### Task to carry out
Leaving out the images, reproduce every line of the data that follows exactly.

### Given data
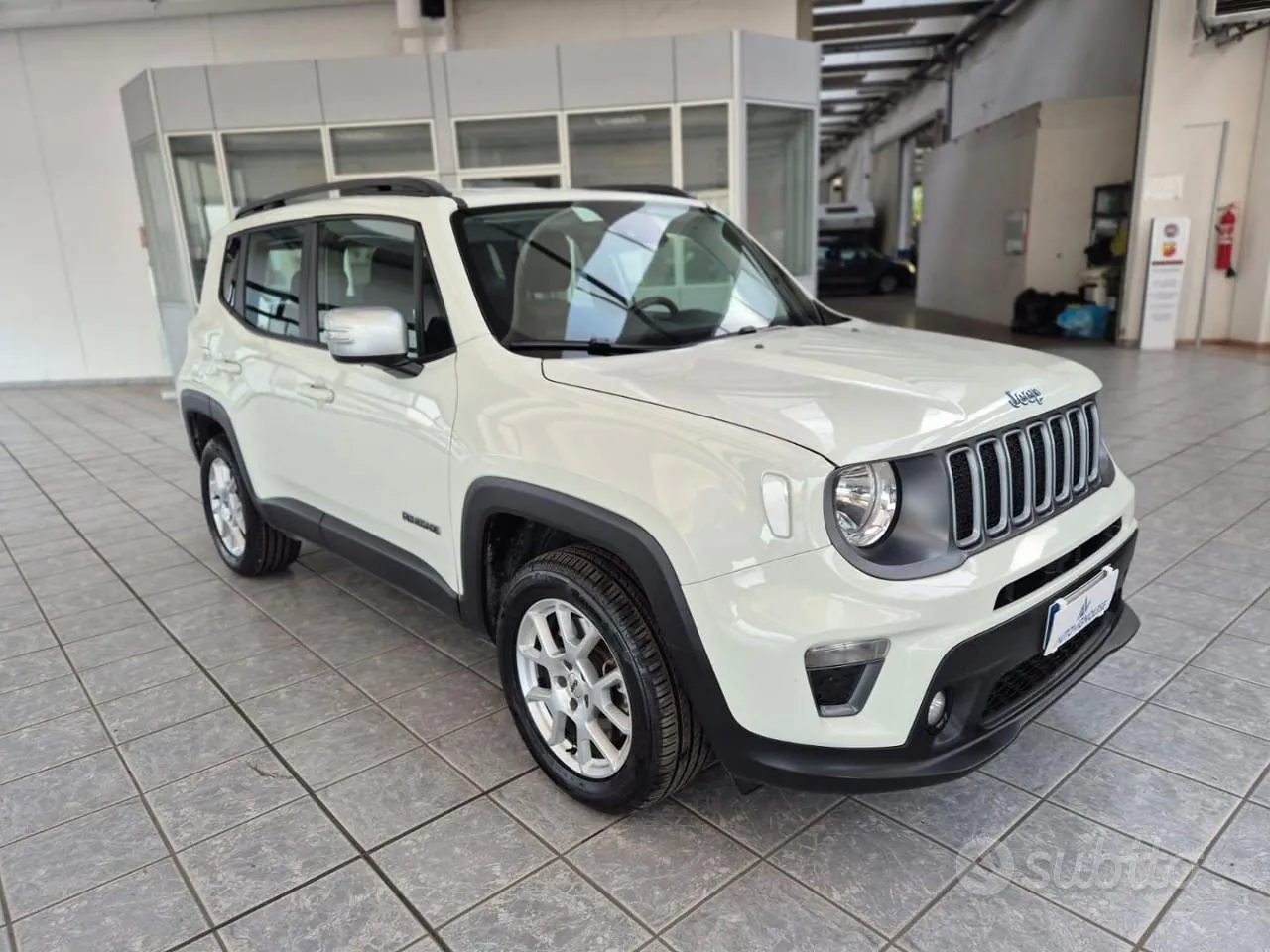 Jeep Renegade 2022 photo 3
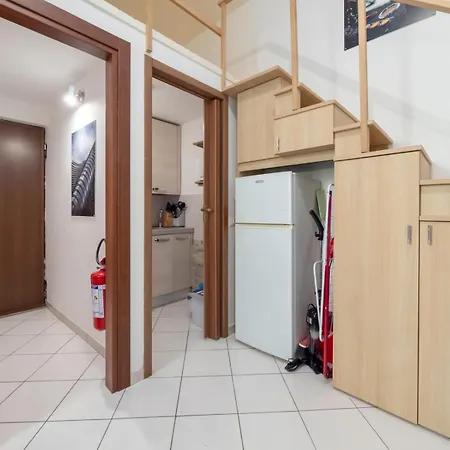 I-host - Transiti 7 *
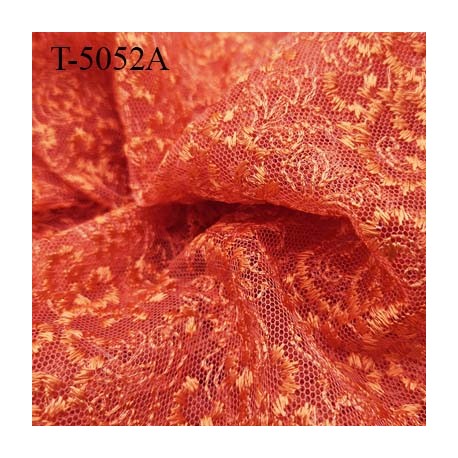 Dentelle brodée couleur gris sur tulle non extensible haut de gamme largeur 135 cm prix pour 10 cm de longueur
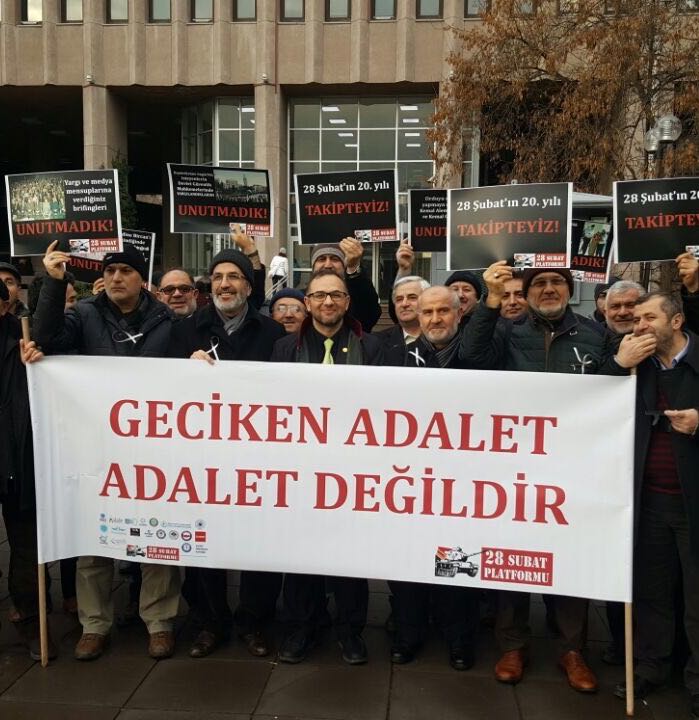 Ankara Adliyesi'nde 28 Şubat Platformu ile birlikte basın açıklaması
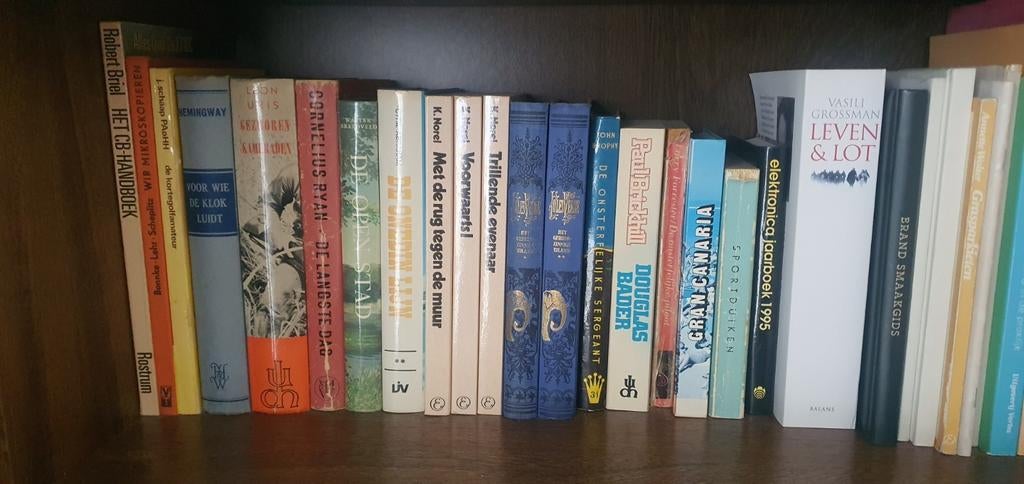 De onsterfelijke sergeant boek van John Brophy (1969), Tweede Wereldoorlog, Ophalen of Verzenden, Zo goed als nieuw, Landmacht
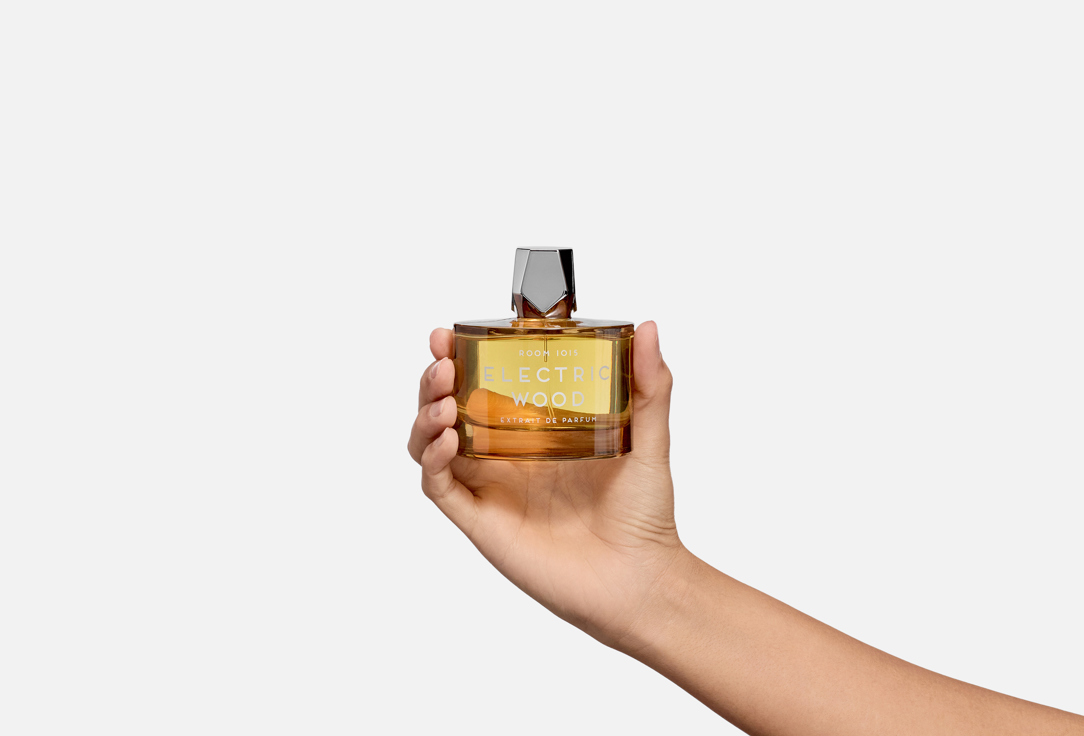 ROOM 1015 Extrait de parfum Electric Wood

### Reply to the task
 Jeep Renegade 2022 photo 3
 I-host - Transiti 7 *
 Dentelle brodée couleur gris sur tulle non extensible haut de gamme largeur 135 cm prix pour 10 cm de longueur
 Ankara Adliyesi'nde 28 Şubat Platformu ile birlikte basın açıklaması
 De onsterfelijke sergeant boek van John Brophy (1969), Tweede Wereldoorlog, Ophalen of Verzenden, Zo goed als nieuw, Landmacht
 ROOM 1015 Extrait de parfum Electric Wood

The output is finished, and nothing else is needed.